### Your task
For the records below, work out the number of lines holding "Casa" and reply with only that.
── Supplied entries ──
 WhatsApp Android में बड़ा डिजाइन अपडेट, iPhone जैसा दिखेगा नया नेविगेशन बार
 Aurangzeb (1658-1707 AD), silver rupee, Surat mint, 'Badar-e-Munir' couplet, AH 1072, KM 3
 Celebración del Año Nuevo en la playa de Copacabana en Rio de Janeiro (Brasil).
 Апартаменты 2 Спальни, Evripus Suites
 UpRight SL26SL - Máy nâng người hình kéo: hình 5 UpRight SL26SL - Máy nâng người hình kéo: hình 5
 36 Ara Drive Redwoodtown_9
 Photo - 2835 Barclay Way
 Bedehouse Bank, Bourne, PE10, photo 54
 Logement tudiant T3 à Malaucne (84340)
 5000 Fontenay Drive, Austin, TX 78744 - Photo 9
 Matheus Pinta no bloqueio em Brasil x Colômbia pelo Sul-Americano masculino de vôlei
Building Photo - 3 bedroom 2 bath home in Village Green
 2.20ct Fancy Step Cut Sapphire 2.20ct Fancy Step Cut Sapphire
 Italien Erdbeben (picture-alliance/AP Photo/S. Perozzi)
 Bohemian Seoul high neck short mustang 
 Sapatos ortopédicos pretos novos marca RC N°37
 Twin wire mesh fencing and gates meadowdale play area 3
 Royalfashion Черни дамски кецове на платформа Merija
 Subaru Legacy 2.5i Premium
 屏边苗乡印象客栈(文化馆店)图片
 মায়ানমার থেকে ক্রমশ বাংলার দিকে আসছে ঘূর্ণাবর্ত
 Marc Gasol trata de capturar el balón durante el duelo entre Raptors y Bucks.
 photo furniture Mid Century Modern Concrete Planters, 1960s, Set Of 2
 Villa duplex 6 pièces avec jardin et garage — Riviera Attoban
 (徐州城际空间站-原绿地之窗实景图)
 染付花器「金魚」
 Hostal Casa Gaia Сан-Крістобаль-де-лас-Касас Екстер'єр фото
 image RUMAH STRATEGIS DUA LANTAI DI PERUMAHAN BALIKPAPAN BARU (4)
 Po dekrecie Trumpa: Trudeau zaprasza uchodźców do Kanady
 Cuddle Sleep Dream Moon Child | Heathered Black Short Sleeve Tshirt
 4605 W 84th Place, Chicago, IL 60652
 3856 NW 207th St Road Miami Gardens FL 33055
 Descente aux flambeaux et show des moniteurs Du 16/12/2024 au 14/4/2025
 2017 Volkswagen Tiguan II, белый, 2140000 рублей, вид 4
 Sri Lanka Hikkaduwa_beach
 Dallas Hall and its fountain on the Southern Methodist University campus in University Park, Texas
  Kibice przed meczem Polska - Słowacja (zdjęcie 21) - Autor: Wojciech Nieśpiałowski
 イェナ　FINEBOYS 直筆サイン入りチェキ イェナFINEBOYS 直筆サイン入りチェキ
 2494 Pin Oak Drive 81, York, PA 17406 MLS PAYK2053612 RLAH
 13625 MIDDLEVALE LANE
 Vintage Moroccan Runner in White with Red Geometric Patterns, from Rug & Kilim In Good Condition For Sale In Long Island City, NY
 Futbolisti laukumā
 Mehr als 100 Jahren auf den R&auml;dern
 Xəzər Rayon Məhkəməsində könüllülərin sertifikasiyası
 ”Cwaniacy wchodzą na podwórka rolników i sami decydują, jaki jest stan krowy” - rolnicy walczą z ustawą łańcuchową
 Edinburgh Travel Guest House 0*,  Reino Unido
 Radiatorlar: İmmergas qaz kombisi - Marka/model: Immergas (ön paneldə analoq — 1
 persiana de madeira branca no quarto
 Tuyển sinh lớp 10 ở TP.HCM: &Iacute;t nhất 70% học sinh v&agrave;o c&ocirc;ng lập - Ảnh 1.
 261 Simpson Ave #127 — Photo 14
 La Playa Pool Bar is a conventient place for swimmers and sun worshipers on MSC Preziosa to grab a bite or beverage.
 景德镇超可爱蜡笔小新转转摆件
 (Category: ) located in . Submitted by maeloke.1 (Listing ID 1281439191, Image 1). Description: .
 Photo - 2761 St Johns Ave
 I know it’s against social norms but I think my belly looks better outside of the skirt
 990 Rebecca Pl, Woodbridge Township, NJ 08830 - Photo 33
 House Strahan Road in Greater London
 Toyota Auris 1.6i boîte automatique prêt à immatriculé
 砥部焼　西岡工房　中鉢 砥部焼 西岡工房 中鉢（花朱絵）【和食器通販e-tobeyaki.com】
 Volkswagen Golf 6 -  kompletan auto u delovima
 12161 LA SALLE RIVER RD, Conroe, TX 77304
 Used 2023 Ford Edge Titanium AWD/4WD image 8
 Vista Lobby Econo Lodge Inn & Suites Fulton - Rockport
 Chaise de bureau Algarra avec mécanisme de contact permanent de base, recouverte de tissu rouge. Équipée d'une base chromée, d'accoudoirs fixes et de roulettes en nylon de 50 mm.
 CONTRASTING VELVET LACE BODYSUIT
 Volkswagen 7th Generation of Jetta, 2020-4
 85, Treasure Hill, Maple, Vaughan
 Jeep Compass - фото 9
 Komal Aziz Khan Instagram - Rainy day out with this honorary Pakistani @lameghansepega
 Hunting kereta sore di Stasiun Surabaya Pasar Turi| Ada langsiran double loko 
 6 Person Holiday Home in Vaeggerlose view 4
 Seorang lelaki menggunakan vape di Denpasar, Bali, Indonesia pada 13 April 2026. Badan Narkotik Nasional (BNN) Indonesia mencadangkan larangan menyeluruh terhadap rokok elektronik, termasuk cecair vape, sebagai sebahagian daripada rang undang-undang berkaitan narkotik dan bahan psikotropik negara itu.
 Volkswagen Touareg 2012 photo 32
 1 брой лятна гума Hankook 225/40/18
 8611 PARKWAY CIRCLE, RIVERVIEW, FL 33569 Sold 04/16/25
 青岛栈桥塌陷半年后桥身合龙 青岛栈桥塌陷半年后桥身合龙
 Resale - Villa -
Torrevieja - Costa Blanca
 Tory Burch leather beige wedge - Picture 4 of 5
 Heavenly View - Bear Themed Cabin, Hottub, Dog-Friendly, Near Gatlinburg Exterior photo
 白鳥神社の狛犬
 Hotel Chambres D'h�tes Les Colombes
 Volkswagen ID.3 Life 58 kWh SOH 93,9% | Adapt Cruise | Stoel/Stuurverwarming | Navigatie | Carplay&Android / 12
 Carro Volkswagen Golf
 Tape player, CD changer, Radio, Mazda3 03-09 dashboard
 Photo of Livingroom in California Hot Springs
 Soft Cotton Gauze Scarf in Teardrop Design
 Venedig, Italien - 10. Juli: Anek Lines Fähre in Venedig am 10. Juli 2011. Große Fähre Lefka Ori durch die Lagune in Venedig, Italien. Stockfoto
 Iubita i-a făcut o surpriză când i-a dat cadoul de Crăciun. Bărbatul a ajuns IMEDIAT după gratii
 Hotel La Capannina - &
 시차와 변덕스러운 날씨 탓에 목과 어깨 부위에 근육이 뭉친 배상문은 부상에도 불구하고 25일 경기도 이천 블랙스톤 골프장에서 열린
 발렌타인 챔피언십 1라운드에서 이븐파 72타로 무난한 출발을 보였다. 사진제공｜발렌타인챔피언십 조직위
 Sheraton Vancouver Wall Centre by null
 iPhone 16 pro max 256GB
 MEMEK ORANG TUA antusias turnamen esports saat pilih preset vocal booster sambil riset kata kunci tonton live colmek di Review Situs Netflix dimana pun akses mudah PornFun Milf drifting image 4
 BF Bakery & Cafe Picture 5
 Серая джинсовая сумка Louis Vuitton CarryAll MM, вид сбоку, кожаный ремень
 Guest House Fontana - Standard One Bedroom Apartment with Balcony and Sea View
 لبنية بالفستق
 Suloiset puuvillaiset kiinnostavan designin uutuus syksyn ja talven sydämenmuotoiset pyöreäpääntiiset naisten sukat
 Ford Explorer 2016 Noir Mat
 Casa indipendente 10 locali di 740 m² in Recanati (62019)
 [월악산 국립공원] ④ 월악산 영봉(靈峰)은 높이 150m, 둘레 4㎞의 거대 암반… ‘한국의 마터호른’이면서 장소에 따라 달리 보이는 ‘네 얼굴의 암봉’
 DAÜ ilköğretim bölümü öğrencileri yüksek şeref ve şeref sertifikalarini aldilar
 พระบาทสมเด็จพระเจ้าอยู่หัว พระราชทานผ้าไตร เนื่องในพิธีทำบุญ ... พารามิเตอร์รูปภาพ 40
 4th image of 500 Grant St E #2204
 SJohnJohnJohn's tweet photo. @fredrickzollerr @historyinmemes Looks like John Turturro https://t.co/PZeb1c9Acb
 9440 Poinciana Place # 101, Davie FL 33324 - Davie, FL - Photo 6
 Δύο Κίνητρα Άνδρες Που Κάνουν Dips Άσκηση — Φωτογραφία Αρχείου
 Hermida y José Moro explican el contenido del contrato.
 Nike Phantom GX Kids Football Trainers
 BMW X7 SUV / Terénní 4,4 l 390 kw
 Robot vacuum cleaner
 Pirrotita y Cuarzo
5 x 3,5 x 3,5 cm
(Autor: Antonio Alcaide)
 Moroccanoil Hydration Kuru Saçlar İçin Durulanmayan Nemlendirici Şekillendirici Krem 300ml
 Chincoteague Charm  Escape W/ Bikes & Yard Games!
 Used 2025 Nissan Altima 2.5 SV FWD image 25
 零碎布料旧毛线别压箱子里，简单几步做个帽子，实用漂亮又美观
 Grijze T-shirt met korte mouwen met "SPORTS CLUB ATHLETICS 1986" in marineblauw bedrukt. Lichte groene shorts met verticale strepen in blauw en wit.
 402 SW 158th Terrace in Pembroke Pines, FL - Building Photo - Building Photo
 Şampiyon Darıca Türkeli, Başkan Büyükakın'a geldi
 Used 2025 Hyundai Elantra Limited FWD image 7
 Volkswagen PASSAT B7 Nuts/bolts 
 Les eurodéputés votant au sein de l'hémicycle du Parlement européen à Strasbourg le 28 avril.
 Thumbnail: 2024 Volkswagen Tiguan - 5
───
### Result below
2